Entity extraction is one of the most important tasks of any NLU system, where the goal is to extract meaningful information from text. For example, when building a weather bot, you might be given the sentence
"What's the weather going to be like in Berlin tomorrow"
and would like to extract the entities
{
"location": "Berlin",
"time": "tomorrow"
}
so that you know which information to return to the user.
Libraries like spaCy and Duckling do a great job at extracting commonly encountered entities, such as dates
and times
. But when you'd like to extract entities that are specific to your application, such as product names, there's a good chance that there are no pre-trained models available. In this case, one solution is to supply loads of training data and hope that the model learns to pick out your custom entities. This approach has drawbacks, because generating a bunch of examples programmatically will most likely generate a model that overfits to your templates.
To help with this, we've added a new feature in version 0.13.3 of Rasa that allows you to add lookup tables to your training data. These lookup tables are designed to contain all of the known values you'd expect your entities to take on. For example, if you were interested in extracting employee
entities, they may contain the names of all employees at your company. As we'll see, including these lookup tables can dramatically improve entity extraction and can reduce the number of training examples you'd need to use to get a great model!
Rather than directly returning matches, these lookup tables work by marking tokens in the training data to indicate whether they've been matched. This provides an extra set of features to the conditional random field entity extractor (ner_crf
) This lets you identify entities that haven't been seen in the training data and also eliminates the need for any post-processing of the results.
In this post, we'll give a few demos to show how to use this new feature to improve entity extraction, and discuss some best practices for including lookup tables in your NLU application.
We'll be looking at how the lookup tables help performance on three different datasets. One is small (< 100 examples), one is medium-sized (~ 1,000 examples), and one is large (~ 10,000 examples). As we'll see, there are a few things to keep in mind when using this feature:
-
You should consider whether the entity is a good candidate for lookup tables. It is best to stick with lookup entities that have a well-defined and narrow scope. For example, "employee names", would be a much better option than "objects".
-
Related to this point, you should always curate your lookup tables to make sure that there are no elements that are matching unwanted tokens. There are many opportunities for just one wrong element in the table to mess up training. For example, if one of the elements is a word that may be encountered in other contexts in your data.
-
You should try to keep the lookup tables short (if possible) because the training and evaluation time scales with the size of the lookup table. As a rule of thumb, we've found that lookup tables with more than one million elements can take several minutes to an hour to finish training and evaluating. Also, keeping lookup tables short can reduce issues associated with the first two points.

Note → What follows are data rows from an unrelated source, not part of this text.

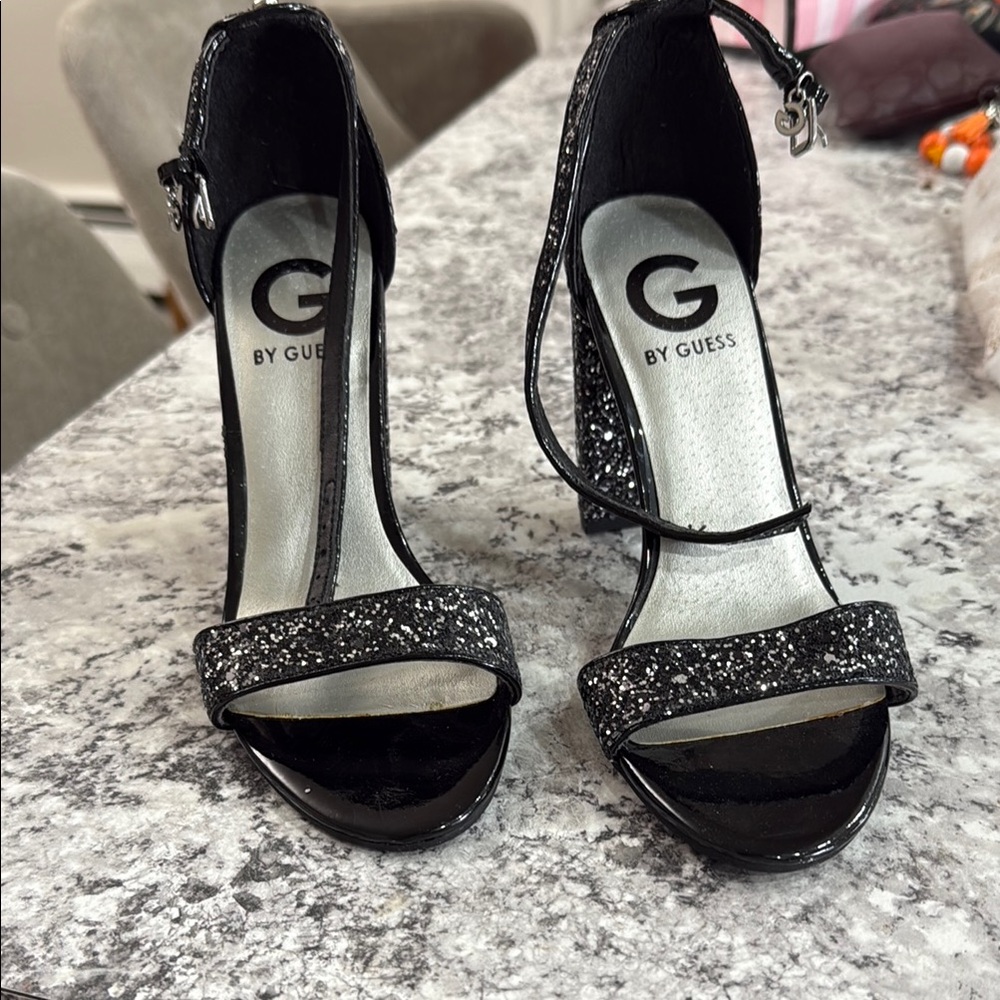 G by Guess Black and Silver Stiletto Heels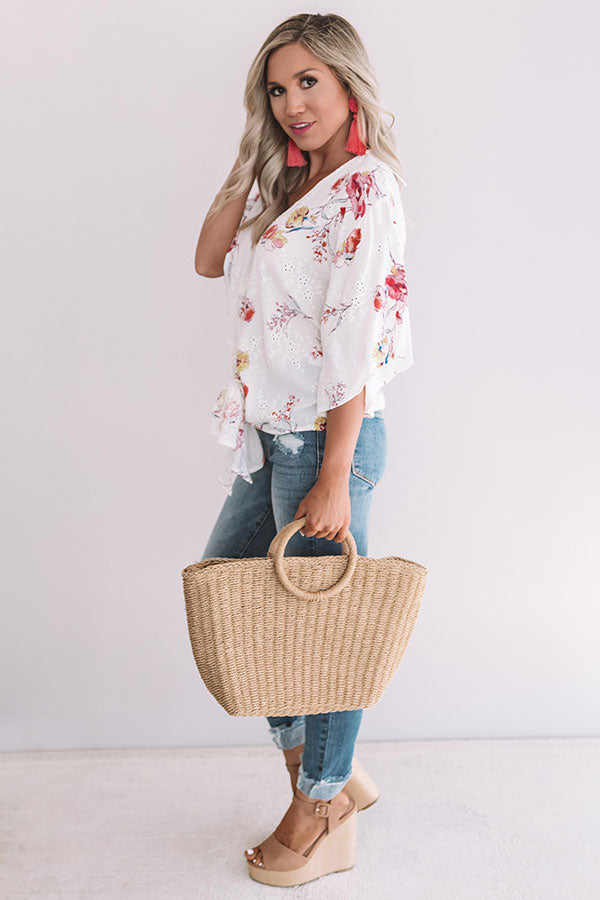 Bellinis By The Coast Eyelet Tie Top in Ivory Image - 4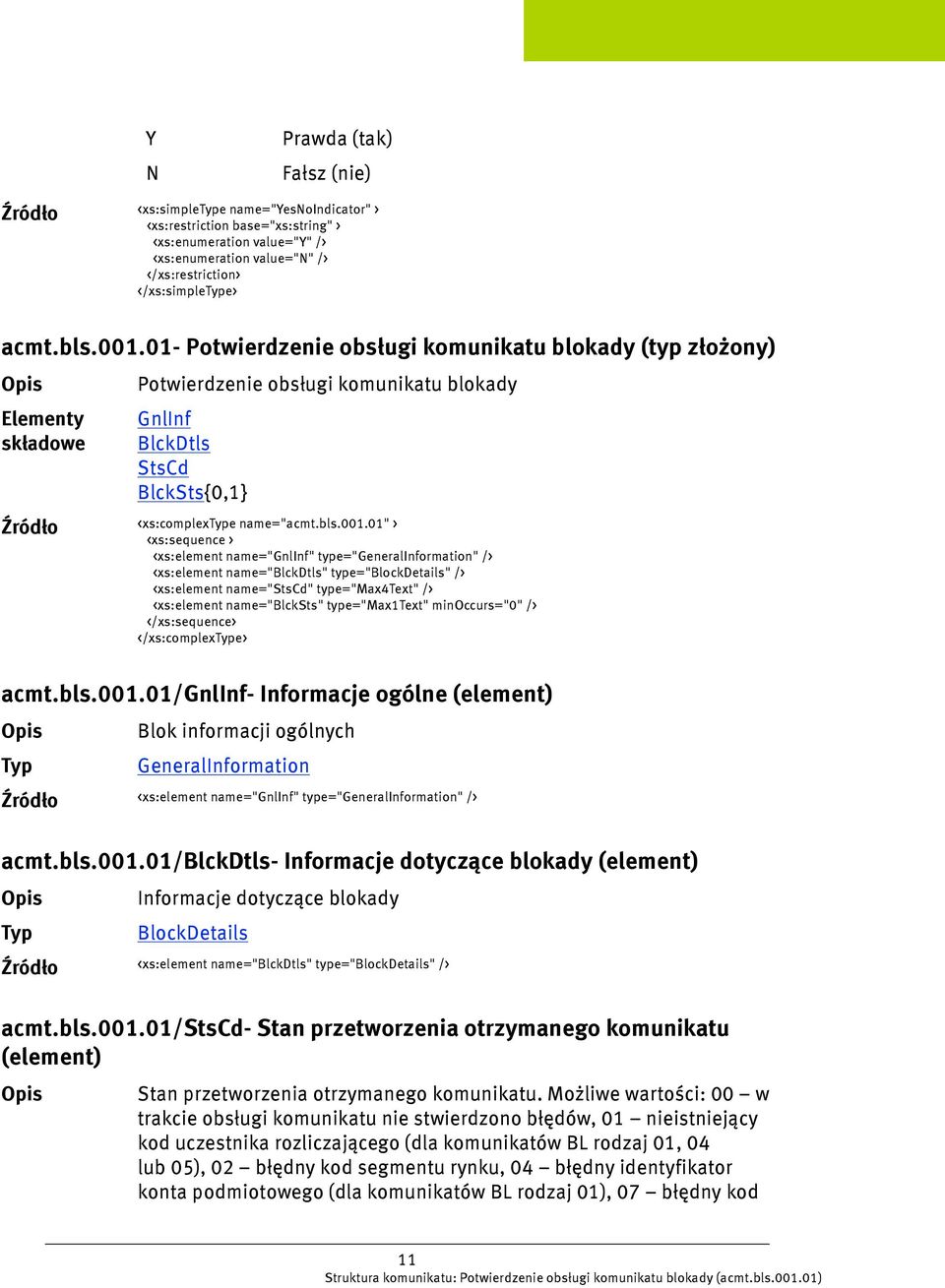 01" > <xs:sequence > <xs:element name="gnlinf" type="generalinformation" /> <xs:element name="blckdtls" type="blockdetails" /> <xs:element name="stscd" type="max4text" /> <xs:element name="blcksts"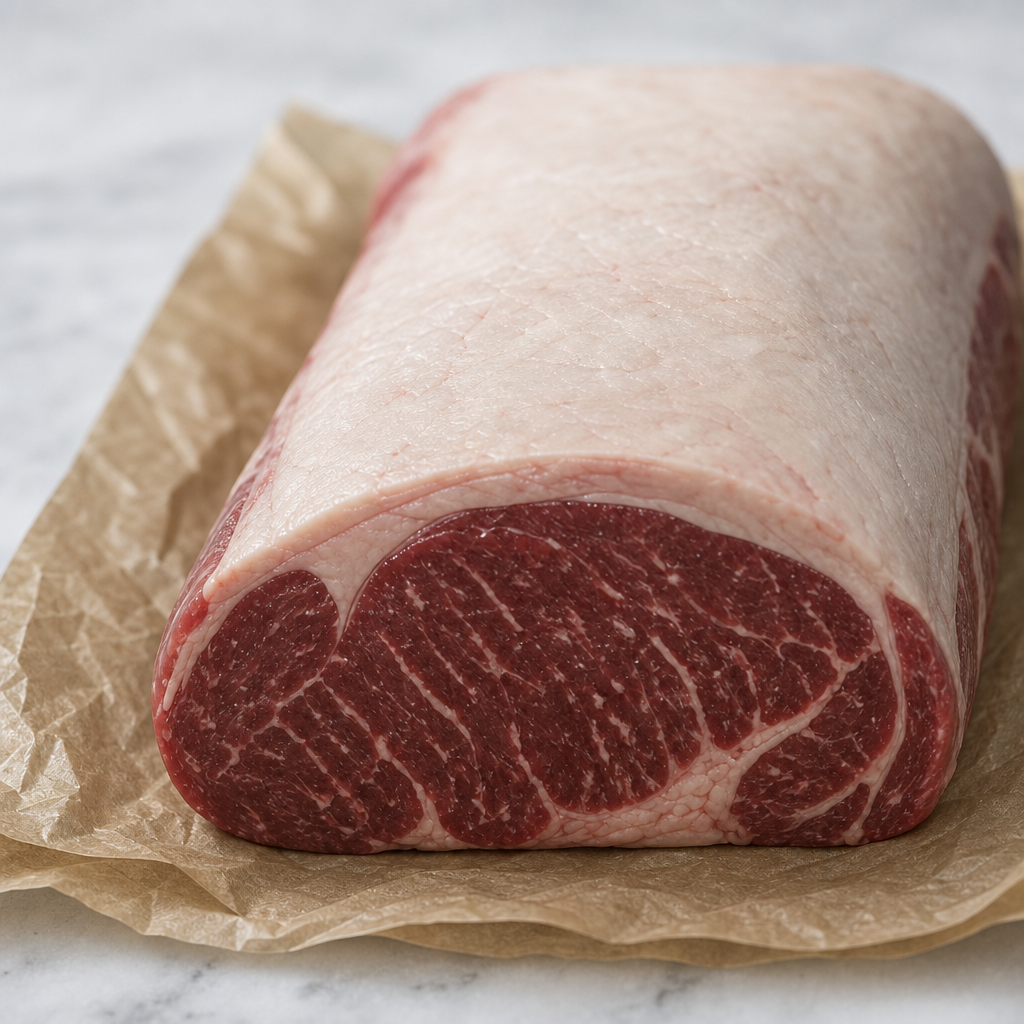 Hele entrecote met dikke vetkap en mooi gemarmerd rood rundvlees op bakpapier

We'll also go over the steps you should follow for getting the most success out of your lookup tables, which is summarized in the flow-chart below.
Now let’s jump into the demo. If you want to follow along, the code for these examples is provided here.
In this demo, we'll show how lookup tables work by training a restaurant search bot. Here we'll be focusing on extracting food
entities from the text. In data/food/food_train.md
, we've included a training set of just 36 examples with intent restaurant_search
. For example:
Could you help me find an [empanada](food) place?
We'll train this model using the following configuration:
File: configs/config.yaml
language: "en"
pipeline:
- name: "nlp_spacy"
- name: "tokenizer_spacy"
- name: "intent_entity_featurizer_regex"
- name: "ner_crf"
features: [
["low", "title", "upper"],
["bias", "low", "prefix5", "prefix2", "suffix5", "suffix3",
"suffix2", "upper", "title", "digit", "pattern"],
["low", "title", "upper"]
]
Since tables use regular expressions for matching, we'll need intent_entity_featurizer_regex
and the pattern
feature in ner_crf
.
Then we'll test our model on a test set food_data/data/food_test.md
. This test set contains several food entities that were not seen by the model, so it should be difficult for the ner_crf
component to extract those without any additional information.
In the code demo, we may do this step by running the script run_lookup.py
with an argument of food
:
python run_lookup.py food
Here are the evaluation metrics for the food
entity:
Metric | Value |
---|---|
precision | 1.00 |
recall | 0.26 |
f1 score | 0.42 |
As expected, we see that recall score is very poor for food entities, which is unsurprising because the training set is very small and the test set contains many new food names. Testing on a basline model without any word features in the CRF gives an even lower recall of 0.14
.
We'll try to improve the recall score by adding a lookup table to feed to our model. By adding a list of food names, we'll teach the model that matching on this table is a good indicator of being a food
entity. Then, when it sees matches in the test set, it will be much more likely to tag them as food
entities, even if that token has never been seen before.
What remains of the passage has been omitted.